Kobe Bryant Isn't Michael Jordan, but He's At Least Clyde Drexler

Roger PAnalyst IJune 1, 2009


This article is an extension of the article "If Kobe Doesn't Win This Title, He'll Forever Be Scottie Pippen." Special thanks to Andrew Ungvari and Michael T. Penn for the spirited discussion that has kept this topic alive.

If the conversation ever turns to underappreciated shooting guards, Clyde "The Glide" Drexler has to top the list.

Here's a guy who played the same position as Michael Jordan at the same time. Despite that fact, he's still recognized as one of the most versatile players ever at the position—and he's one of only three players in history to post 20,000 points, 6,000 rebounds, and 6,000 assists in his career (the others are Oscar Robertson and John Havlicek).
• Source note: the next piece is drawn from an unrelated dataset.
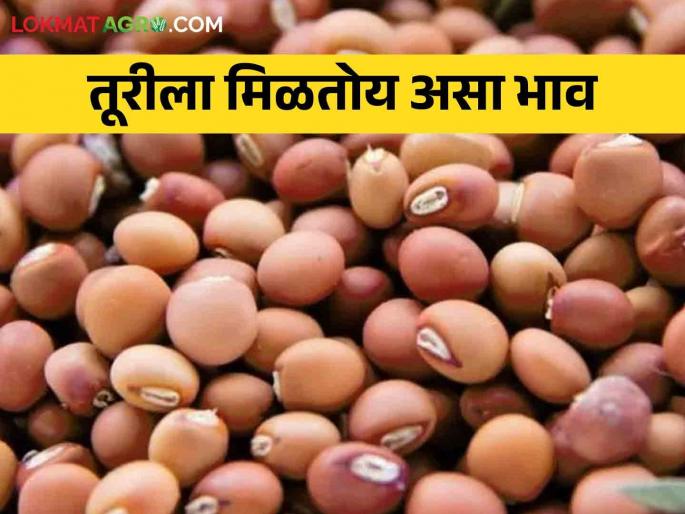 Tur market yard: How is the market price of tur in which market committee? After quintal… | Tur market yard: कोणत्या बाजारसमितीत तूरीला कसा बाजारभाव? क्विंटलमागे… Tur market yard: How is the market price of tur in which market committee? After quintal… | Tur market yard: कोणत्या बाजारसमितीत तूरीला कसा बाजारभाव? क्विंटलमागे…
As we insist on deciding exactly where Kobe Bryant fits among the greatest players of all time, The Glide makes a compelling comparison.

It is understood, however, that the discussion changes dramatically if Kobe's Lakers take home the Larry O'Brien trophy this year. It's in that case that he steps out of the ample shadow of Shaquille O'Neal, wins his own championship, and becomes a legitimized team leader in his own right—cementing his place among history's elite.

* Both won championships with help. Bryant won his three with O'Neal from 2000-2002. Drexler won one with Hakeem Olajuwon in 1995.

* Both took their own teams to the Finals without actually sealing the deal—Drexler led his Portland Trailblazers there in 1990 and 1992, and Kobe's been there in 2008 and now 2009.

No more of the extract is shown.